WHAT THE TASK ASKS -
Return each line of the listing in which the word "Platform" appears.

** Opening DATA EXTRACTS block **

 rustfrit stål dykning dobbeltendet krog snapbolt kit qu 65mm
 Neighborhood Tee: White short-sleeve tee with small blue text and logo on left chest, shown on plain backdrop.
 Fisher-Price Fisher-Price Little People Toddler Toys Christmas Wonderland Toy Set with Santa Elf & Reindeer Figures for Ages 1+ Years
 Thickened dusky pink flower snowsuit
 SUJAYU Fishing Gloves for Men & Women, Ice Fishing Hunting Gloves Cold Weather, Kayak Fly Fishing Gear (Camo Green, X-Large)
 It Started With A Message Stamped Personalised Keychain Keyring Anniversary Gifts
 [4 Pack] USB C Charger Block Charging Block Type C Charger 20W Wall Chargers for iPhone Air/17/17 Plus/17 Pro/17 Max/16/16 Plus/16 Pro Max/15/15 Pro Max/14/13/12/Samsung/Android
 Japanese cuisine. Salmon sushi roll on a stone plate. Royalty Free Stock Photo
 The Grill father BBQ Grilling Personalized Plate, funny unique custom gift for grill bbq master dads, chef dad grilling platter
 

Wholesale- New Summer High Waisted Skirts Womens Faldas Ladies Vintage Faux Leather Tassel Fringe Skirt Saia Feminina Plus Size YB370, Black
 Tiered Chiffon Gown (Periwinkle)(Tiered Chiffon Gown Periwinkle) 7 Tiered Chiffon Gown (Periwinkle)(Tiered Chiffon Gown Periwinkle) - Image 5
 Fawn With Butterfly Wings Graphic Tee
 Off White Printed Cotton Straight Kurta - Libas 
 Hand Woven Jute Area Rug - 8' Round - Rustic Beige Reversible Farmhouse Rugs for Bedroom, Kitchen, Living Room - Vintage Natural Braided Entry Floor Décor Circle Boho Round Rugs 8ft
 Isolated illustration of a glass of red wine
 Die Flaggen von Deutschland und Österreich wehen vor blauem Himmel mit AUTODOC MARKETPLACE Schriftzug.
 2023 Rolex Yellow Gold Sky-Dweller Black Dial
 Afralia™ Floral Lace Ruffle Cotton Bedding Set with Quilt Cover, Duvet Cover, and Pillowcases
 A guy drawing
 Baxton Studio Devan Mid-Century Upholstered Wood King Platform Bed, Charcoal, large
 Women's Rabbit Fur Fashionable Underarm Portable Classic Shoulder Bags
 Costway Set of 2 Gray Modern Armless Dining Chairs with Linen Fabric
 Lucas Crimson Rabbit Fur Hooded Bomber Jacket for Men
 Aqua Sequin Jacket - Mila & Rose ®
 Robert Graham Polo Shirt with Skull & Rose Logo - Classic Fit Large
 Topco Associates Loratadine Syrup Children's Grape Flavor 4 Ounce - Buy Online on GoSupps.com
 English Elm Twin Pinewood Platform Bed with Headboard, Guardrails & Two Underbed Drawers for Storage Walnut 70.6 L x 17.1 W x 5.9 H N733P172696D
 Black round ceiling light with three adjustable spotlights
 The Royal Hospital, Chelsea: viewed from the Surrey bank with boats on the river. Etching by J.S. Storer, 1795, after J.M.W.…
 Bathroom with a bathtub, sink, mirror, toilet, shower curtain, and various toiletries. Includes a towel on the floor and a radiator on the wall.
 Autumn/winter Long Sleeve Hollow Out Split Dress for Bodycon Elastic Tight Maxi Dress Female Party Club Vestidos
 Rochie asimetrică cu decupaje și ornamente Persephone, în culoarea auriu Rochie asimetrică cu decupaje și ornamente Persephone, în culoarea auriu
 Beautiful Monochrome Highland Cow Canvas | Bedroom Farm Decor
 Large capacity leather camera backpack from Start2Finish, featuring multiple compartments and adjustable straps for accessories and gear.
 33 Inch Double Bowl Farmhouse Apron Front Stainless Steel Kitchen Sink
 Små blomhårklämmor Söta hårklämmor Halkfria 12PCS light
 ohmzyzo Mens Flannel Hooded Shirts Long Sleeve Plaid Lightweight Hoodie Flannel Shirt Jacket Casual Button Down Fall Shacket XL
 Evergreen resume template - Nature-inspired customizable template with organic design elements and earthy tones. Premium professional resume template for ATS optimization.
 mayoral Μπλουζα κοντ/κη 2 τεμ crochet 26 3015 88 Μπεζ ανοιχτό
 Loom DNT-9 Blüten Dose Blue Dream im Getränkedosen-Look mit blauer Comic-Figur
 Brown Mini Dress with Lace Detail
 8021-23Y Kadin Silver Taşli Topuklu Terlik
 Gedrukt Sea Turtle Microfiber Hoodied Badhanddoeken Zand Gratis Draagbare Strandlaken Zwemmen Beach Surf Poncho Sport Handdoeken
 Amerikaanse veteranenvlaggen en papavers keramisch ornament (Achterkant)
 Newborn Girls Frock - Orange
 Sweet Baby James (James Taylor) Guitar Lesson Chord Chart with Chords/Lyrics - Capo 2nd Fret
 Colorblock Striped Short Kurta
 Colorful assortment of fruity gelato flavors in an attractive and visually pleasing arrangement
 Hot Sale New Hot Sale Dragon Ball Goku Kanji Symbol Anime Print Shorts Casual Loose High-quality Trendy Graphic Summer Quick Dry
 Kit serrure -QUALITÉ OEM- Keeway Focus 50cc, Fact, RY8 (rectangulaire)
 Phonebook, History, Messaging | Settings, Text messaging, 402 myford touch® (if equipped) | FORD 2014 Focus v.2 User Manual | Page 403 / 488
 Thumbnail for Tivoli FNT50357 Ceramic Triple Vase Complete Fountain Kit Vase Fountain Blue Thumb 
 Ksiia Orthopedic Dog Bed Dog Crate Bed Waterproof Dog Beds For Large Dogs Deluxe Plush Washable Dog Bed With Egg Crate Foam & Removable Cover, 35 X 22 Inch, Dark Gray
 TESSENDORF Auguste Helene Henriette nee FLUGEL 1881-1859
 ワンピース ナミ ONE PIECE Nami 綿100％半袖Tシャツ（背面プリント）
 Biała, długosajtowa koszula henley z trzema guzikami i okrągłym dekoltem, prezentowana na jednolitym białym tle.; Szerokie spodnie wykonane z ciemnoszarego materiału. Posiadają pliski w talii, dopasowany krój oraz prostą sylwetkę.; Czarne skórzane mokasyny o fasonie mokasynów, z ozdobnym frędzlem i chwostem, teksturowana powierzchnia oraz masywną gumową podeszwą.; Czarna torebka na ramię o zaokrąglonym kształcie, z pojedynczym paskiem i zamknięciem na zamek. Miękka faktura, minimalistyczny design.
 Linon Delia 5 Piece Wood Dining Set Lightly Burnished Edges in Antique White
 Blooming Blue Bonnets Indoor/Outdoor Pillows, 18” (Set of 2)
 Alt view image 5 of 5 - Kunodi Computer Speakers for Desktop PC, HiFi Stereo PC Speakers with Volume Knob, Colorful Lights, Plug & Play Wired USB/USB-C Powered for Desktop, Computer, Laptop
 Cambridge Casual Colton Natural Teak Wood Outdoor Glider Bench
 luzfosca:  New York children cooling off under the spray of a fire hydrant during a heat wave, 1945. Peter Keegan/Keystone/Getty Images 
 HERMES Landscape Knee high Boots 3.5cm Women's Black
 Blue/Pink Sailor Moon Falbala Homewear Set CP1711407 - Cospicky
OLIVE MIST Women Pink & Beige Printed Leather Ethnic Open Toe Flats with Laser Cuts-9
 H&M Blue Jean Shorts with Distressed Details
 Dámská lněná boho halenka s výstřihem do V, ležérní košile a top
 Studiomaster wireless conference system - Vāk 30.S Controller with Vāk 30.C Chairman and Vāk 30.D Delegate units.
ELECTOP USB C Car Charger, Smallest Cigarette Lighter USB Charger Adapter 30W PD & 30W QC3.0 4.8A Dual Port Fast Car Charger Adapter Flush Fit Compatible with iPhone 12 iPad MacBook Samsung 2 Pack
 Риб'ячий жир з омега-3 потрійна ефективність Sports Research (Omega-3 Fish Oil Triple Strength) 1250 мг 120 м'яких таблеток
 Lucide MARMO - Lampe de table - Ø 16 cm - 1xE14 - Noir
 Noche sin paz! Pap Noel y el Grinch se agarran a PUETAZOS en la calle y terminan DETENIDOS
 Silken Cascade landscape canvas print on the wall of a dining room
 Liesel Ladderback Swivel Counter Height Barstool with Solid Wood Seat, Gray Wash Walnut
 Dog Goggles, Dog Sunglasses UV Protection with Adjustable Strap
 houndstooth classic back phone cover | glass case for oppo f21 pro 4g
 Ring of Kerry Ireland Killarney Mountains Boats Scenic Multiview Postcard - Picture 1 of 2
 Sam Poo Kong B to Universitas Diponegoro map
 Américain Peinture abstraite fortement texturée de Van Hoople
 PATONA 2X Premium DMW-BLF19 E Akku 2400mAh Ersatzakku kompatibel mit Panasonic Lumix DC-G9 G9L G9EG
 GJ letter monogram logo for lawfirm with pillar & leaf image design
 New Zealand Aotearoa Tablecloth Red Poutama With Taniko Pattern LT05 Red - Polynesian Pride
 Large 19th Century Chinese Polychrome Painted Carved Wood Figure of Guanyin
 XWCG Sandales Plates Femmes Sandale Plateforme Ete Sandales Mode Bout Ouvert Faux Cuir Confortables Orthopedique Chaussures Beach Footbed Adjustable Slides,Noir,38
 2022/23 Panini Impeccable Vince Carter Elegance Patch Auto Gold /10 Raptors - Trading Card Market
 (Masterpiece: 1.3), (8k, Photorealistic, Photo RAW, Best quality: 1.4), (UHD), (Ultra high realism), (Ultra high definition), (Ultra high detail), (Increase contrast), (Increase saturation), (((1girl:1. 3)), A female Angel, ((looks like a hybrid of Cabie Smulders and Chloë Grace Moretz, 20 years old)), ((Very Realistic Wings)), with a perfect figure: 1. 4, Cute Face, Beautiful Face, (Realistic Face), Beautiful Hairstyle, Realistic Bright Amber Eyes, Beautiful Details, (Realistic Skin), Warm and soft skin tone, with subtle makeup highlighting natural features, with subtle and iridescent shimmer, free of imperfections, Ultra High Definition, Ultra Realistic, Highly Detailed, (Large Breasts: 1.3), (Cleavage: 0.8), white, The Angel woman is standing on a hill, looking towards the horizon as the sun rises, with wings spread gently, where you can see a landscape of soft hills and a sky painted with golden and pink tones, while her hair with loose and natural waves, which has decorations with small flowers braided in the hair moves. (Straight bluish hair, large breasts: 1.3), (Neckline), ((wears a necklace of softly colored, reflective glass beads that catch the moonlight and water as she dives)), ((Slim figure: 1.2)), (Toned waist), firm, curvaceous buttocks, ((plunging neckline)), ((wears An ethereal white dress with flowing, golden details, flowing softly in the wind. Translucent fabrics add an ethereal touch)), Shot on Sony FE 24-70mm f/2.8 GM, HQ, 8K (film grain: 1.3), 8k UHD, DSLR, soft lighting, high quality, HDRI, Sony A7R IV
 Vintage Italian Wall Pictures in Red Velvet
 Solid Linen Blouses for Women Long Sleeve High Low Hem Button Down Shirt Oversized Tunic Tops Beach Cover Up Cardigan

** Closing DATA EXTRACTS block **

RESPONSE BOX -
 Baxton Studio Devan Mid-Century Upholstered Wood King Platform Bed, Charcoal, large
 English Elm Twin Pinewood Platform Bed with Headboard, Guardrails & Two Underbed Drawers for Storage Walnut 70.6 L x 17.1 W x 5.9 H N733P172696D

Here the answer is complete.